# Structural Gate Decomposition for Depth-Optimal Technology Mapping in LUT-based FPGA Design

Jason Cong and Yean-Yow Hwang

Department of Computer Science University of California, Los Angeles

#### **Abstract**

In this paper, we study the problem of decomposing gates in fanin-unbounded or K-bounded networks such that the K-input LUT mapping solutions computed by a depthoptimal mapper have minimum depth. We show (1) any decomposition leads to a smaller or equal mapping depth regardless the decomposition algorithm used, and (2) the problem is NP-hard for unbounded networks when  $K \ge 3$ and remains NP-hard for K-bounded networks when  $K \ge 5$ . We propose a gate decomposition algorithm, named DOGMA, which combines level-driven node packing technique (Chortle-d) and the network flow based optimal labeling technique (FlowMap). Experimental results show that networks decomposed by DOGMA allow depthoptimal technology mappers to improve the mapping solutions by up to 11% in depth and up to 35% in area comparing to the mapping results of networks decomposed by other existing decomposition algorithms.

## 1. Introduction

The lookup-table (LUT) based FPGAs have been a popular technology for VLSI ASIC design and system prototyping. A K-input LUT (K-LUT) can implement any function of up to K variables. The goal of LUT-based FPGA technology mapping is to cover a given network using LUTs such that either area or delay is minimized or routability is maximized in the final LUT network. The delay of a network can be estimated by the number of levels (i.e. depth). Two factors affect the mapping solution depth: the gate decomposition before mapping and the mapping algorithm. Several LUT mapping algorithms have been proposed for depth minimization [6, 9, 2]. In particular, the FlowMap algorithm [2] guarantees a depth-optimal mapping solution for any K-bounded network. However, FlowMap can not be applied directly to unbounded networks. Gate decomposition can be classified into structural decomposition and Boolean decomposition. The structural decomposition replaces multi-fanin (simple) gates by fanin trees while the Boolean decomposition decomposes the functionality of gates. This paper focuses on structural decomposition for depth minimization in LUT mapping.

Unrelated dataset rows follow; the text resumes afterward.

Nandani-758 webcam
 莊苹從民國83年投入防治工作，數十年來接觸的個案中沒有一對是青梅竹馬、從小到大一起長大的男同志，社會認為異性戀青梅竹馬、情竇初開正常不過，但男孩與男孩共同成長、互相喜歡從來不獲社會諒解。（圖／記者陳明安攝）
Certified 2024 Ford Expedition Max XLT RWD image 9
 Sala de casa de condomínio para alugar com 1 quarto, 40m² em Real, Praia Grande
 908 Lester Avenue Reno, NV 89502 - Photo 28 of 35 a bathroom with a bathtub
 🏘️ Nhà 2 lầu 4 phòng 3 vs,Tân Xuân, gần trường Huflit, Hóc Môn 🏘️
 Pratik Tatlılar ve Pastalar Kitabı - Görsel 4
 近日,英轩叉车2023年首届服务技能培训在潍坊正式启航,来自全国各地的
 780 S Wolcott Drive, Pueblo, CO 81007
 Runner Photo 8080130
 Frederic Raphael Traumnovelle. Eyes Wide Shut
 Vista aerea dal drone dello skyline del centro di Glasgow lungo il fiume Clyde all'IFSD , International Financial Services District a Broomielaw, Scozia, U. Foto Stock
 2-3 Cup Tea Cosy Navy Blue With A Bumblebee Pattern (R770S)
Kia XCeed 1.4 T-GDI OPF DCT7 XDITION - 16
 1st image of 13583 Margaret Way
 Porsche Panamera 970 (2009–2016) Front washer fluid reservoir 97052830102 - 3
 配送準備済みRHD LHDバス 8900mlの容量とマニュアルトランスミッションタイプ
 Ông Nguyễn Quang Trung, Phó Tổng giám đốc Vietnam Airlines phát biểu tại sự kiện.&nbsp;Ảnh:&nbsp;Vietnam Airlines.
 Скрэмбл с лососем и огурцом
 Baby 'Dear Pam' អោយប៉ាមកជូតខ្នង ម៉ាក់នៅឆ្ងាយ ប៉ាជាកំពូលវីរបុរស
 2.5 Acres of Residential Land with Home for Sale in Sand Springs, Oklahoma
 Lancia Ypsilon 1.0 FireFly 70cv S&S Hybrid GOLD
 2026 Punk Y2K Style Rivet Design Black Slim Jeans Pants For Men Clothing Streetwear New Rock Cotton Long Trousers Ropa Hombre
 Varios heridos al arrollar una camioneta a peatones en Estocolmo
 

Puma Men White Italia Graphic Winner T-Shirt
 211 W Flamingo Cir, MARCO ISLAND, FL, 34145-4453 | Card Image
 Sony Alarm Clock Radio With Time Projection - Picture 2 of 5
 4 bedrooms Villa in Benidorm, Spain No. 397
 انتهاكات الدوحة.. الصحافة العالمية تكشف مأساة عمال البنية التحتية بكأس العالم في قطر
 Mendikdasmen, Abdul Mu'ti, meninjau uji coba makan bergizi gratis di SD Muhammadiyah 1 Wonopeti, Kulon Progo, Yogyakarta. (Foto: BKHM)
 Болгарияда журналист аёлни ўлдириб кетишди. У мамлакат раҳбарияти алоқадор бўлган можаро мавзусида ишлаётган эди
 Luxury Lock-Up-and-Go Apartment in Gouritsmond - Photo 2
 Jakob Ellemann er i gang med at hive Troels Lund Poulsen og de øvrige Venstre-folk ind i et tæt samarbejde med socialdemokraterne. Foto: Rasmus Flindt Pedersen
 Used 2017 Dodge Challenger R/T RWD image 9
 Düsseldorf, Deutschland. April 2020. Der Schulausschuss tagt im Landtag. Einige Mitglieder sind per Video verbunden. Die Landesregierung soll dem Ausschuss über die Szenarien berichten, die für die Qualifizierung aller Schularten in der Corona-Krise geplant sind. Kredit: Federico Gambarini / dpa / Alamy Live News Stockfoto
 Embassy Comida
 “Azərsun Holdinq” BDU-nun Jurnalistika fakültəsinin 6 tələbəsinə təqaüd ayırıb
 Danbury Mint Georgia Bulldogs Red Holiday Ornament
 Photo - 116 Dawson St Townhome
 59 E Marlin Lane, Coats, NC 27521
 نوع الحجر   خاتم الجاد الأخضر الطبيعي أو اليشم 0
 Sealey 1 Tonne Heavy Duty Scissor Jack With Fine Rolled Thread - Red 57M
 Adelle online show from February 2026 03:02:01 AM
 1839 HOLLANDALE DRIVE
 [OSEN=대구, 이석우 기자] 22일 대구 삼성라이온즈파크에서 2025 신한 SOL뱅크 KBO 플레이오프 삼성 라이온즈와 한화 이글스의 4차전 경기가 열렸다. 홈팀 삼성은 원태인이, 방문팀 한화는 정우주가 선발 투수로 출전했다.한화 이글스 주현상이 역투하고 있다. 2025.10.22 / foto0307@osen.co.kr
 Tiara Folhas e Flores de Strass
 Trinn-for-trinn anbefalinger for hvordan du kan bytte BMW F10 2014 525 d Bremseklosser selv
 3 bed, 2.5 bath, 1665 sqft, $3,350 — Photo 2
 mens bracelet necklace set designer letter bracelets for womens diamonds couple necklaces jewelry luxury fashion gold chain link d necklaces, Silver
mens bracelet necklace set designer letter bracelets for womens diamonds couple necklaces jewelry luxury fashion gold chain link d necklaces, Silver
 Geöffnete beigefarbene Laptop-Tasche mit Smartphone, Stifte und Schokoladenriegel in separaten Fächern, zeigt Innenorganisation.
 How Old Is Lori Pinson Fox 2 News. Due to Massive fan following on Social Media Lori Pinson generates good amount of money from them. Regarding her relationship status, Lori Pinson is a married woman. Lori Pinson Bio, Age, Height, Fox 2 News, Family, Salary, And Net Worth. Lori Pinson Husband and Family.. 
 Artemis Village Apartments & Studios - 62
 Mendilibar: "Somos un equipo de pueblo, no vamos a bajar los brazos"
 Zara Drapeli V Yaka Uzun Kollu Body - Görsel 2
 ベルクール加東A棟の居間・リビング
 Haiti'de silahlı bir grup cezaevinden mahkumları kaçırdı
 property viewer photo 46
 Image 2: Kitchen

Gate decomposition affects the mapping solution depth significantly. For example, assume K=3. The network N in Figure 1(a) is not K-bounded. If node v is decomposed in the way shown in Figure 1(b), there is no way to obtain a mapping solution of depth less than 3. However, if the decomposition shown in Figure 1(c) is carried out for node v, a mapping solution of depth equal to 2 can be obtained. Even for K-bounded networks, the depth of mapping solutions computed by FlowMap may decrease if gates are *further* decomposed before mapping [4].

Several gate decomposition routines have been used for LUT-mapping. The <code>tech\_decomp</code> and the <code>speed\_up</code> in SIS [10] and the <code>dmig</code> in [1] focus on minimizing the number of levels in the decomposed network. They do not directly minimize the depth of the <code>mapping solution</code>. Chortle-d [6] computes depth-optimal gate decomposition and mapping solutions for tree networks (may be unbounded) but produces suboptimal results for general networks. In this paper, we study the structural gate decomposition problem to decompose gates in a general network such that a mapping solution of minimum depth can be obtained.

The remainder of this paper is organized as follows. Section 2 defines basic terminology, presents properties of structural gate decomposition and formulates the problem. Section 3 gives the complexity results. A novel gate decomposition algorithm for depth-optimal mapping is presented in Section 4. Experimental results are presented in Section 5 and Section 6 concludes the paper.



Figure 1 Decomposition of node v (K=3). (a) initial network, (b) decomposition yielding mapping depth = 3, (c) decomposition yielding mapping depth = 2.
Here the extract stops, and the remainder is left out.